--- SUPPLIED INFORMATION ---

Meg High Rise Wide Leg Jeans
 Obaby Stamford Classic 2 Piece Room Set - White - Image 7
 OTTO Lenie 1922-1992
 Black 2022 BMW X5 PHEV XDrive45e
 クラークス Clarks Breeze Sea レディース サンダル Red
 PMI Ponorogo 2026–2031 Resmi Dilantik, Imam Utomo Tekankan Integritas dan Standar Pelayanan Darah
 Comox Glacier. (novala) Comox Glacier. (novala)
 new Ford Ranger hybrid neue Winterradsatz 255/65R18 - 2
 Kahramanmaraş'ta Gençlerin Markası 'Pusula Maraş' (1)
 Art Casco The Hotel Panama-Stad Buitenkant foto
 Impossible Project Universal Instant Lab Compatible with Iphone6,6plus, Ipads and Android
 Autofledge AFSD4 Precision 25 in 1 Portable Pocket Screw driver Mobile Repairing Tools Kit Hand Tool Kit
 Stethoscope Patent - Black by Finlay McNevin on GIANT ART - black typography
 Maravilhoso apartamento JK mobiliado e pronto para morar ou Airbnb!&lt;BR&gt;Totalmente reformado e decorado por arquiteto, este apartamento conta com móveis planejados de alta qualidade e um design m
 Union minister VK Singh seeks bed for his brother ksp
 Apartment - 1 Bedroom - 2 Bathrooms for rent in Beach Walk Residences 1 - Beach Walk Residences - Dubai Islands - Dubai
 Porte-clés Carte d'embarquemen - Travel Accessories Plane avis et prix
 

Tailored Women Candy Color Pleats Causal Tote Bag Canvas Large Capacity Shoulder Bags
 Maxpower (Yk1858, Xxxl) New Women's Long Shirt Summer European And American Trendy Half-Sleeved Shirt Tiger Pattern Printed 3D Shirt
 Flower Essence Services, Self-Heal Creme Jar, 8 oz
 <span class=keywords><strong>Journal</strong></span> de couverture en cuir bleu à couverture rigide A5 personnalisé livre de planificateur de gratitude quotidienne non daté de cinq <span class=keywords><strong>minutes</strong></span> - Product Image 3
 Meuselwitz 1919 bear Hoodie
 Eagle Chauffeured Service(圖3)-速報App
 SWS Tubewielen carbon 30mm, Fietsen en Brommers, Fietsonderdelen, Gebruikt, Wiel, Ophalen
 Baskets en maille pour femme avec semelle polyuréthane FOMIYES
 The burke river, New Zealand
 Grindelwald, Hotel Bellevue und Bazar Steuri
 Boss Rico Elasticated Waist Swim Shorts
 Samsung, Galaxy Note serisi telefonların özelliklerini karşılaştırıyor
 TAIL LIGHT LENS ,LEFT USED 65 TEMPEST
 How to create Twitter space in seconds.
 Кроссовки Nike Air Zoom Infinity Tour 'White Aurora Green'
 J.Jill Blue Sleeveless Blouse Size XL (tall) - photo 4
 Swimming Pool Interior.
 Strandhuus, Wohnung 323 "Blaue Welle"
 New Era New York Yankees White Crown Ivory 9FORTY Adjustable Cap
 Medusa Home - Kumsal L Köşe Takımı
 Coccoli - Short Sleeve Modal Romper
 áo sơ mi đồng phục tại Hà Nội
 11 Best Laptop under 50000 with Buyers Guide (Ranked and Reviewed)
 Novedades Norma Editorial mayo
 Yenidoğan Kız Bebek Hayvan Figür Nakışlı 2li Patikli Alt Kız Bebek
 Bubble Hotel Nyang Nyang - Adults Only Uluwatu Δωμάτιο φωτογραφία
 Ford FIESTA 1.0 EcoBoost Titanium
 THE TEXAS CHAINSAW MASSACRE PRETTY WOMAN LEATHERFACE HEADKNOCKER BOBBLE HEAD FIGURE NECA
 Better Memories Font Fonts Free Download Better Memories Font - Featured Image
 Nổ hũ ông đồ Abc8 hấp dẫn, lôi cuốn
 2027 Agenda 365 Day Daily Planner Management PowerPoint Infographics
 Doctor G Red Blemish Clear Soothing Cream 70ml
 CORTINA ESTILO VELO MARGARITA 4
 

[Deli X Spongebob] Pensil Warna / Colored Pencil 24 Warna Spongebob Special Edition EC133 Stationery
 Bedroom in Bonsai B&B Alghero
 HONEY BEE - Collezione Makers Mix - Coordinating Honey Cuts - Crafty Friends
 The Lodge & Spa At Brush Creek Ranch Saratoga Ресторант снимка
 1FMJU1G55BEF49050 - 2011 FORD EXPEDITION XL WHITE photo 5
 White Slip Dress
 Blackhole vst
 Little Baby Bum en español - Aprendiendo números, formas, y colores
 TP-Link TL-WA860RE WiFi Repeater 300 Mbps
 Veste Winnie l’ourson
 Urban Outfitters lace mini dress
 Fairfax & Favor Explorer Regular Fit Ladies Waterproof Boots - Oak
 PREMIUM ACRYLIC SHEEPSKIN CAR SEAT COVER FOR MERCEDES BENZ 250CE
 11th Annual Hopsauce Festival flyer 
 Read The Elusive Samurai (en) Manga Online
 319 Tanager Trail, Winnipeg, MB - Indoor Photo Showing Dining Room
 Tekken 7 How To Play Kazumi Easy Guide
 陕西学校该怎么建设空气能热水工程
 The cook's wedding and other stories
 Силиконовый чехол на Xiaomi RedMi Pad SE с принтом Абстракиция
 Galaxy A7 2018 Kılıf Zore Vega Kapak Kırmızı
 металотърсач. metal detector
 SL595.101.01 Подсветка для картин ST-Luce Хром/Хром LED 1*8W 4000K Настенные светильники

---

- _EXERCISE DETAILS_
Each line above with the word "Guide" needs to be copied.

- _SOLUTION BELOW_
 11 Best Laptop under 50000 with Buyers Guide (Ranked and Reviewed)
 Tekken 7 How To Play Kazumi Easy Guide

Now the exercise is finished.